Sources say deployment was coordinated with Israel, in light of the growing threat from Sinai militants.
By Amos Harel
Egypt has deployed a new infantry battalion in the Taba area of Sinai, south of Eilat, in a bid to prevent possible attacks on the Israeli resort city or on air traffic headed there, Egyptian sources said.
The deployment was coordinated with Israel.
The Egyptian forces will be stationed particularly close to the Israeli border, compared with previous Egyptian deployments to which Israel has agreed.
Israel has consented to such deployments several times over the last few years even though it is expressly prohibited by the military appendix of the 1979 peace treaty between Israel and Egypt.
Egypt became particularly worried about terrorism in the area after Islamic fundamentalists affiliated with the largest terrorist organization in Sinai, Ansar Beit al-Maqdis, took down an Egyptian military helicopter in January, killing five Egyptian soldiers.
The anti-aircraft missile was an advanced model that could also put Israeli aircraft at risk.

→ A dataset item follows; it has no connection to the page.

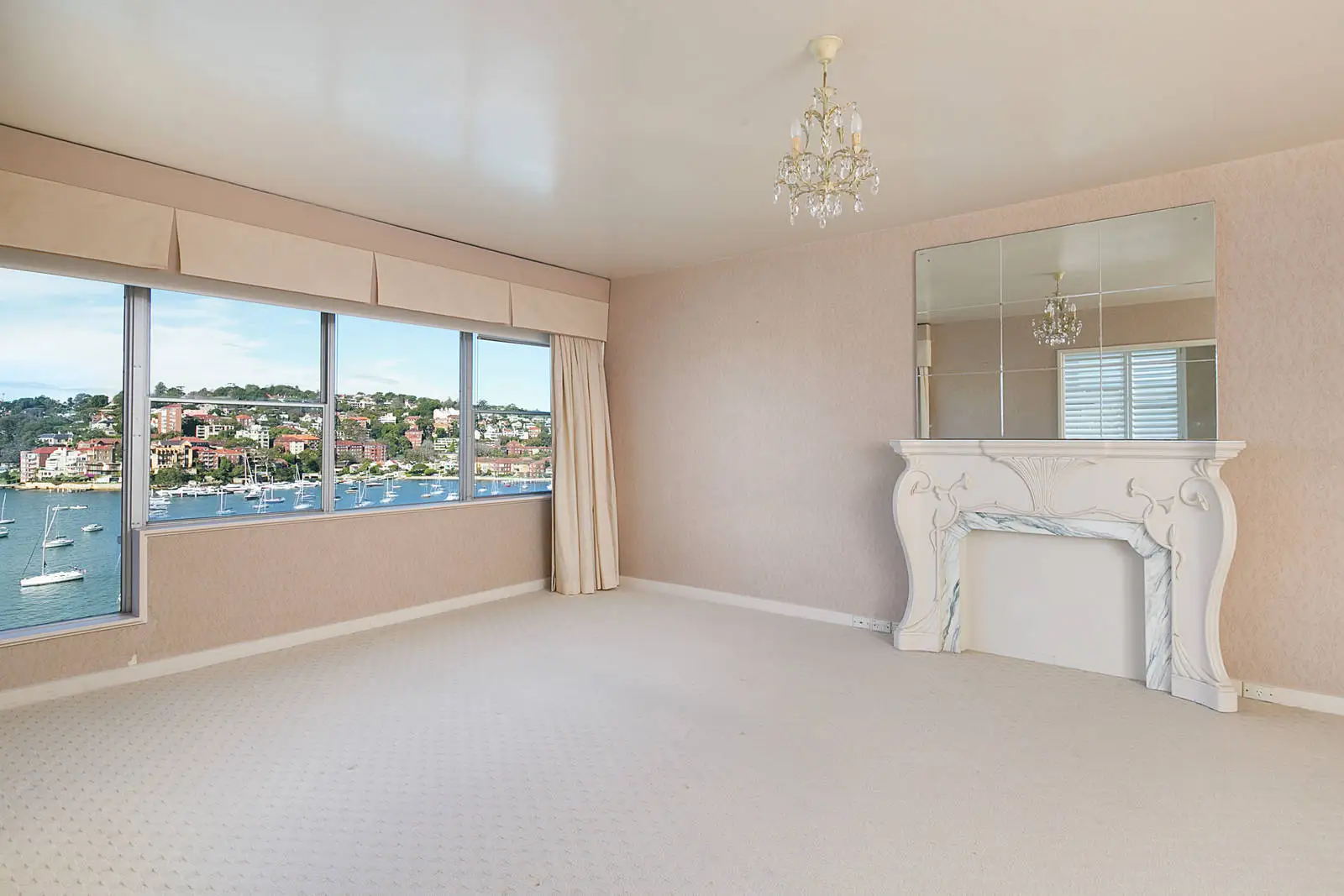 8A/27 Sutherland Crescent, Darling Point Sold by Bradfield Badgerfox - image 1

This appears to be what prompted the upgraded Egyptian presence with Israeli approval.
The number of attempted attacks on Israel from Sinai has risen since Hosni Mubarak was ousted as president in 2011. There have been two instances of infiltration into Israeli territory, one in Ein Netafim in August 2011 and the other near Kerem Shalom in August 2012, and militants in Sinai have fired rockets at Eilat and, in one instance, at a Negev army base. Eight Israelis were killed in the Ein Netafim incursion, but there were no casualties in the other incidents.
Israel-Egypt security coordination has improved greatly over the past year, roughly since Gen. Abdel-Fattah al-Sissi took power in July. Egypt has escalated its struggle against jihad groups in Sinai and has blocked off many smuggling tunnels connecting Sinai with the Gaza Strip.
Israel has praised both these moves, but is keeping a low profile about its close ties with Egypt.